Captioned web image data
□ □ □
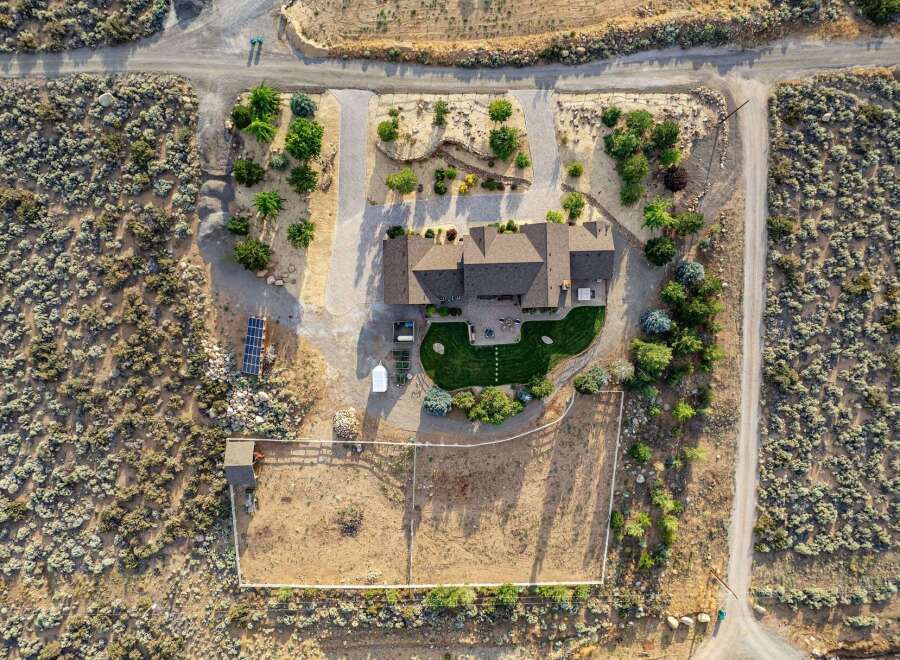 Discover this stunning property featuring a spacious home with a well-maintained backyard, perfect for outdoor entertaining.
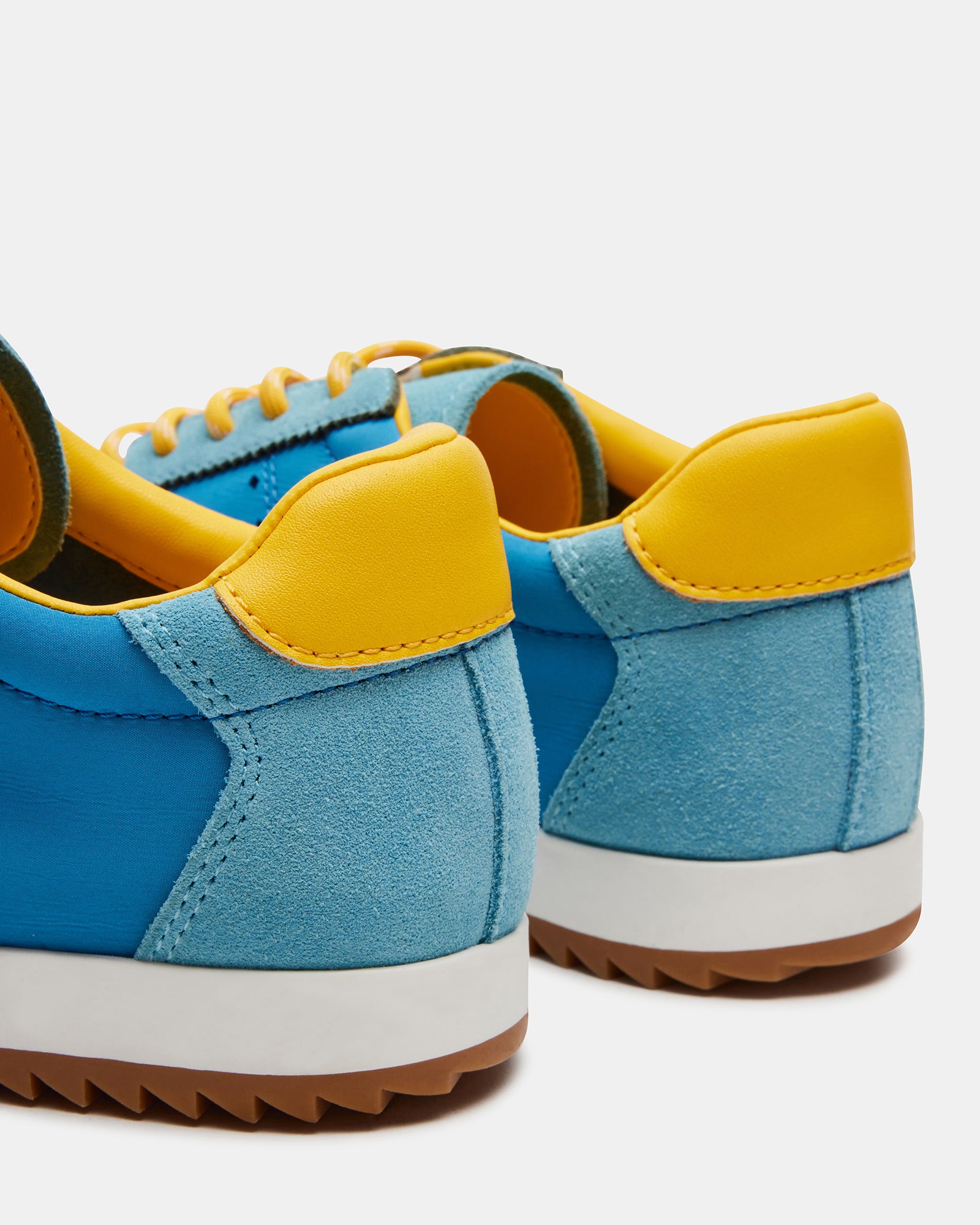Side view of white sneakers with blue/yellow accents, styled with jeans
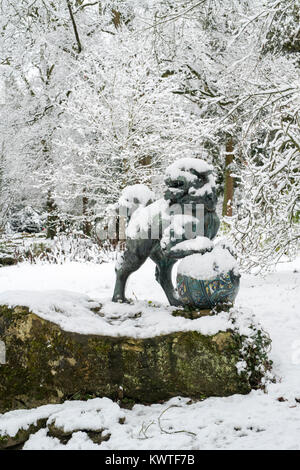 Chinese Foo Dog Bronzestatue und Winter Bäume im Schnee im Dezember bei Batsford Arboretum, Cotswolds, Moreton-in-Marsh, Gloucestershire, England Stockfoto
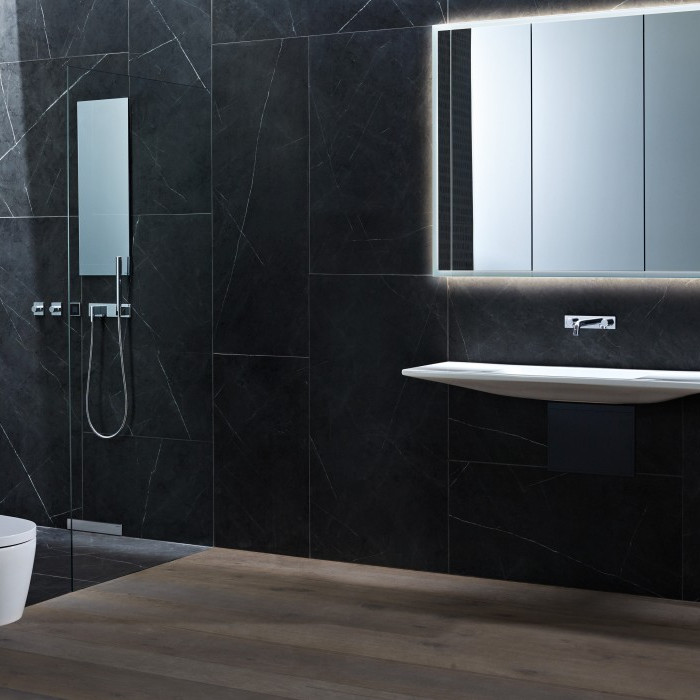 Modern bathroom with dark tiled walls, a sleek toilet, a wall-mounted sink and a large mirror.
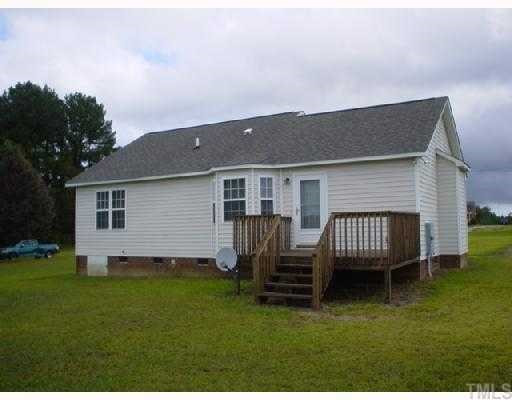 View of back of home that offers nice deck, great for grilling & entertaining! Exterior Back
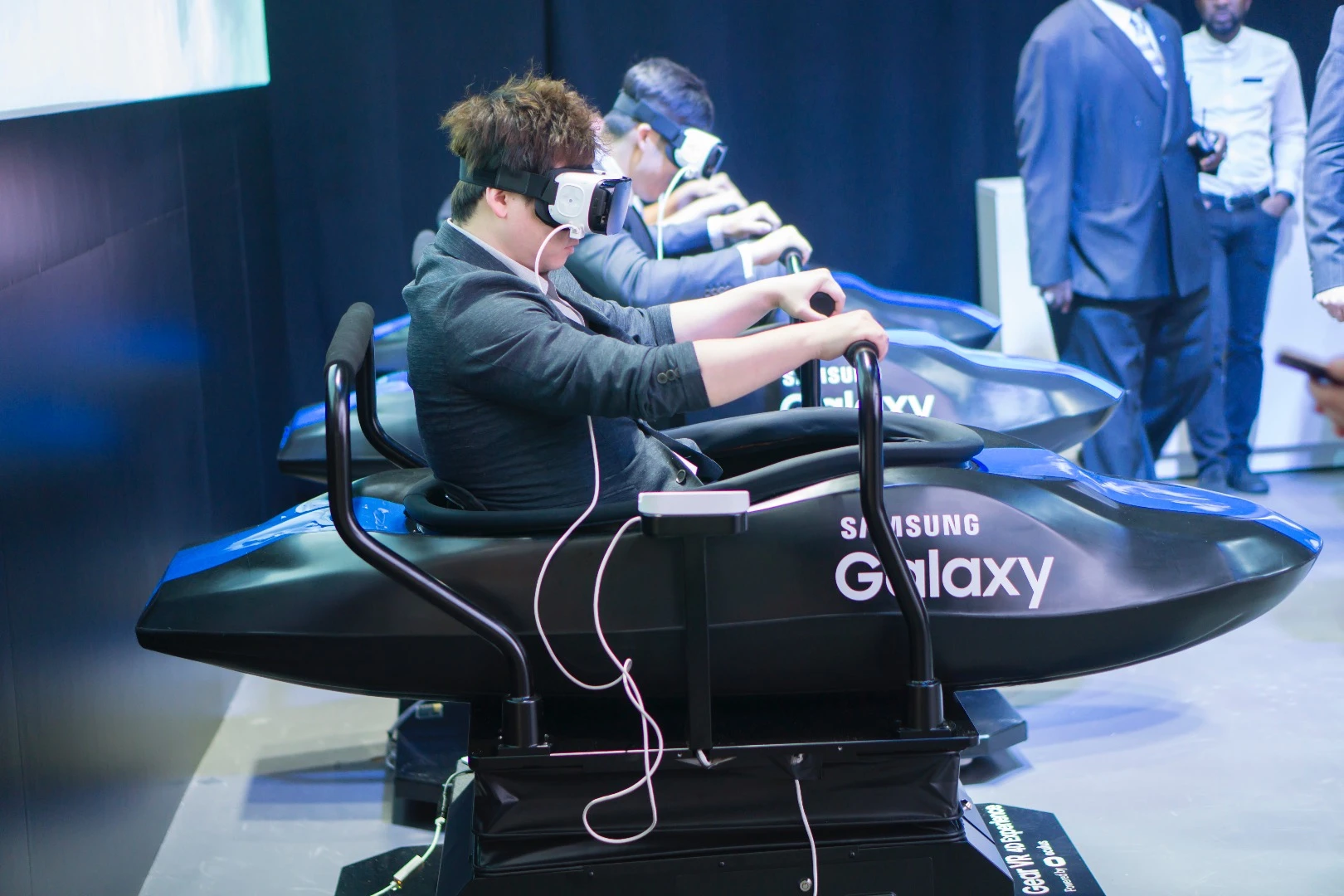 Samsung event attendees conducting some serious business, using the older Gear VR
□ □ □
▶ [Assignment] Above are the records. Copy word for word only their lines from the one holding "Chinese Foo Dog" through the one holding "View of back", both included, and skip the images.

▶ [Task solution]
 Chinese Foo Dog Bronzestatue und Winter Bäume im Schnee im Dezember bei Batsford Arboretum, Cotswolds, Moreton-in-Marsh, Gloucestershire, England Stockfoto
 Modern bathroom with dark tiled walls, a sleek toilet, a wall-mounted sink and a large mirror.
 View of back of home that offers nice deck, great for grilling & entertaining! Exterior Back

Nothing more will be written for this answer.